▶ TASK DETAILS: All lines in the listing below from the one containing "Skoda Superb 2.0" through the last should be written out exactly, and only those.

▶ SUPPLIED INFORMATION:
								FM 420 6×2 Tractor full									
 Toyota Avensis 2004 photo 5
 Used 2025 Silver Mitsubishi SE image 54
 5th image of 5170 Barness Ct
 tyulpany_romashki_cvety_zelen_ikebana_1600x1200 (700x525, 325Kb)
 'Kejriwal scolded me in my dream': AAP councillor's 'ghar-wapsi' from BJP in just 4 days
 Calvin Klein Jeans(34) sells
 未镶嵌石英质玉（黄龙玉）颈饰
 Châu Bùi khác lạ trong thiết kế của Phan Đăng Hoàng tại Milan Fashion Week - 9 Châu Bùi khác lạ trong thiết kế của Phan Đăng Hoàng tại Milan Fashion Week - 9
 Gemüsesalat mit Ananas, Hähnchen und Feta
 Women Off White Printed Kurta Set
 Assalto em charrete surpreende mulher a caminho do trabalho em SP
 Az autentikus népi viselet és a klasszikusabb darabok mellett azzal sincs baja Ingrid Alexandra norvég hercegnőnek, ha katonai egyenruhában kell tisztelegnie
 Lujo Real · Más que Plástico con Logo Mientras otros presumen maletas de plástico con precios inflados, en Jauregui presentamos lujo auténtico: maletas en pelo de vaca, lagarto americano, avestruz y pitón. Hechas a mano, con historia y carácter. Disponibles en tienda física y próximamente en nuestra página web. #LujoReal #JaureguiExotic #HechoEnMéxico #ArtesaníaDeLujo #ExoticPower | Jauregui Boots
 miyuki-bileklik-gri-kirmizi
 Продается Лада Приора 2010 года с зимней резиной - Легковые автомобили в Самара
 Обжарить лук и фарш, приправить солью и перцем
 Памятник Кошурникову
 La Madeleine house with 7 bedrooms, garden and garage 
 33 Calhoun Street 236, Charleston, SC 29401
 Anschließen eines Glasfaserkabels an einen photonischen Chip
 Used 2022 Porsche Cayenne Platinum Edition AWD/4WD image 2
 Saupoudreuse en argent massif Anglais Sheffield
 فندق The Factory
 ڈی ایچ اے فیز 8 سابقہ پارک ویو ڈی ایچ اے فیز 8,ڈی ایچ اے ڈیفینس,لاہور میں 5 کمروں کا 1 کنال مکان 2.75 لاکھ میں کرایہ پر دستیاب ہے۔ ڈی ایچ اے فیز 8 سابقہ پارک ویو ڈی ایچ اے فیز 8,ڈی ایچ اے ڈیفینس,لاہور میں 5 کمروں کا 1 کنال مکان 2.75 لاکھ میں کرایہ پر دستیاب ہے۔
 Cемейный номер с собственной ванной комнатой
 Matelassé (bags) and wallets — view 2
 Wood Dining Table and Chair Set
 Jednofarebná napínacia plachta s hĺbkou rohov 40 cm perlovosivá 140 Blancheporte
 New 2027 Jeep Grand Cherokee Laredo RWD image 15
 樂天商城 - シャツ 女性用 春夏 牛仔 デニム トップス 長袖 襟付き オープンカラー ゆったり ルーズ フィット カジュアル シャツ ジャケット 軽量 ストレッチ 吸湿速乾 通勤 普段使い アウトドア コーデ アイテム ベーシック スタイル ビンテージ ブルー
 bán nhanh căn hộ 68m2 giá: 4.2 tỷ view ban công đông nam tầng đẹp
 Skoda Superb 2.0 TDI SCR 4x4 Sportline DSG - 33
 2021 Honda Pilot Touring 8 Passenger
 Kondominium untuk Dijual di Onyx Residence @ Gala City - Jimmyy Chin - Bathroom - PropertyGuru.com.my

▶ EXPECTED ANSWER:
 Skoda Superb 2.0 TDI SCR 4x4 Sportline DSG - 33
 2021 Honda Pilot Touring 8 Passenger
 Kondominium untuk Dijual di Onyx Residence @ Gala City - Jimmyy Chin - Bathroom - PropertyGuru.com.my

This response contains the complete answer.